A l’occasion du colloque organisé par Georges Viard en 2003 (L’abbaye cistercienne de Morimond, histoire et rayonnement, actes du colloque parus à Langres en 2005), il reprit, sous un titre relativement neutre (« Morimond au XIIe siècle »), cette idée audacieuse qui s’imposa : l’abbaye de Morimond n’avait pas été fondée en 1115, et donc n’était pas une sœur jumelle de Clairvaux (1115), mais n’avait pu voir le jour qu’en 1117 ou 1118. D’autre part, il soulignait que Morimond n’était devenue la cinquième et dernière des abbayes majeures de l’ordre cistercien, et l’abbé de Morimond le cinquième du groupe des abbés dirigeants de l’ordre, qu’entre 1155 et 1161, au temps de l’abbé Lambert de Clairfontaine, devenu abbé de Morimond durant quelques mois en 1155, puis abbé de Cîteaux entre 1156 et 1161, retiré à Morimond et mort peu après 1172. Ainsi, la tête de l’ordre cistercien n’avait pas été, comme on le pensait alors, organisée en un groupe de cinq abbés dès les années 1110, mais seulement dans les années 1150, avec l’arrivée de Morimond au rang et titre de quatrième fille de Cîteaux. Cette démonstration remettait en cause la chronologie traditionnelle et ouvrait des perspectives nouvelles sur le siècle d’origine de l’ordre cistercien et la place que Morimond y jouait. Elle fut admise par tous, d’abord en France, rapidement, puis progressivement ailleurs en Europe.

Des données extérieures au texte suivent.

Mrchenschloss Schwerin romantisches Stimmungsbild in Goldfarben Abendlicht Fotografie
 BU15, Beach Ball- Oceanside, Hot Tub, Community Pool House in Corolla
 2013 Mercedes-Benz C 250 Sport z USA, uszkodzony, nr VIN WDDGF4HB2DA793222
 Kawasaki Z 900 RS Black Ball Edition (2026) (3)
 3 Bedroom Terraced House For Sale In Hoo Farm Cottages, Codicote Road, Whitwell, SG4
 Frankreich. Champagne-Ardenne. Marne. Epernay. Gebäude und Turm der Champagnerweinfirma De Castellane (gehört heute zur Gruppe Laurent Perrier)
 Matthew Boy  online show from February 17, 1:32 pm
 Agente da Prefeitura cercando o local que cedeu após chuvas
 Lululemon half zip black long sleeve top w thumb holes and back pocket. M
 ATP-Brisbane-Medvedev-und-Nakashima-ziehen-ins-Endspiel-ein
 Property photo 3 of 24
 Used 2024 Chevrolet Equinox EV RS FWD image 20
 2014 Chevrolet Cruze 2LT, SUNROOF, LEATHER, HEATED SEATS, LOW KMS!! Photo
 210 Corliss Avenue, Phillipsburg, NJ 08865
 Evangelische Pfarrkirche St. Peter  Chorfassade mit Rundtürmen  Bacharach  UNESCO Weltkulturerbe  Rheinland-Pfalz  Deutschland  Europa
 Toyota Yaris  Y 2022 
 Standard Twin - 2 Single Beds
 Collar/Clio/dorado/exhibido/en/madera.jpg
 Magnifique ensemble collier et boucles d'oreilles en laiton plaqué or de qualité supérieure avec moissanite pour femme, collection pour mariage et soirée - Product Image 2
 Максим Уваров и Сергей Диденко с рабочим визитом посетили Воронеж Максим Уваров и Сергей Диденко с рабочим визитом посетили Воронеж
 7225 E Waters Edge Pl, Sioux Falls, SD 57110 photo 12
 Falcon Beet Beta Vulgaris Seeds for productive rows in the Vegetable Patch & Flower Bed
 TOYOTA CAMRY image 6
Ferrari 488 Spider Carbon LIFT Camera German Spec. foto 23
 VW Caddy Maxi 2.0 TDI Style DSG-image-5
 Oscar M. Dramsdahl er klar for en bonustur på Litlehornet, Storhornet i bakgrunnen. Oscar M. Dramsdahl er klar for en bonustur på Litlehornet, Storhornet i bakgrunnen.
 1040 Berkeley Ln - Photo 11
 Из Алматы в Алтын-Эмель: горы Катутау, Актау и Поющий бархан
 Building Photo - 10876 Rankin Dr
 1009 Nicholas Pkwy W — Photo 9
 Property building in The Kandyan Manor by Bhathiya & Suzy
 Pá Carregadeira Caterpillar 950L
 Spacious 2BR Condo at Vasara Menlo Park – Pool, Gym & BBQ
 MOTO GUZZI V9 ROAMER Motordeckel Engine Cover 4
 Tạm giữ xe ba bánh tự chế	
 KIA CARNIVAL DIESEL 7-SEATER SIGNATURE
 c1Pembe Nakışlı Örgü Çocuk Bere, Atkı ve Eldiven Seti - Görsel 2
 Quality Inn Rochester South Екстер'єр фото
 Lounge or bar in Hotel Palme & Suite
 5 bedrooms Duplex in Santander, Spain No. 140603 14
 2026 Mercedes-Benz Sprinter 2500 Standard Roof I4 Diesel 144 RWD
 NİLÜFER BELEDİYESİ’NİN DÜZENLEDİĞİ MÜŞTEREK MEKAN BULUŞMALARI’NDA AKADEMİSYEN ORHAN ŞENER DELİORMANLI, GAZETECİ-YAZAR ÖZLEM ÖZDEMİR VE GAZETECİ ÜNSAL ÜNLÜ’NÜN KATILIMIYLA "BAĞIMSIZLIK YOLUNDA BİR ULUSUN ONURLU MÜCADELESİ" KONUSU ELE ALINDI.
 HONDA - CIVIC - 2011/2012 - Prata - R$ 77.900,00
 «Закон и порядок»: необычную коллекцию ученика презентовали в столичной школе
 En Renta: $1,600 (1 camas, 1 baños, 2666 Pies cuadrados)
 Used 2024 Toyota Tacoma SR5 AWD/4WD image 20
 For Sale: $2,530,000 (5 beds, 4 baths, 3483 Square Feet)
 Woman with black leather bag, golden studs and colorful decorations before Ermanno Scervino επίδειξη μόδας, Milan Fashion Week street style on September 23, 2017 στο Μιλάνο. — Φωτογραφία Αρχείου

Michel Parisse était très attentif aux activités de l’Association des Amis de l’Abbaye de Morimond, dirigée par Georges Viard, qui avait été son collègue à l’Université de Nancy II. Dans les années 1990, il était venu en Bassigny, et ensemble, nous avions parcouru la route des granges de l’abbaye, de Dôme à Vaudainvilliers en passant par Grandrupt et Levécourt, pour terminer sur le site abbatial. Il voulait voir concrètement ce qu’il était en train d’étudier. Ce fut une balade sans prétention, mais extrêmement instructive.
En 2009, Thérèse et moi, nous l’avions invité au repas champêtre de Grignoncourt, auquel il avait participé de manière très active. Il était chez lui à Morimond, qu’il connaissait particulièrement bien, et dont il se réjouissait des campagnes de fouilles et de découvertes de l’équipe de Benoit Rouzeau. Son intérêt pour les activités de l’association ne s’est jamais démenti, et il n’avait aucune difficulté à se repérer dans un paysage haut-meusien dans lequel il n’était pas dépaysé. Son image marquera toujours, quelque part, sa présence à Morimond.
Merci pour tout, Michel, et adieu.
Hubert Flammarion
Bravo et chapeau (bas) Benoit pour l’actualité du site et pour avoir publié ce bel éloge de Michel Parisse par notre ami Hubert Flammarion, lui aussi éminent historien. Philippe M.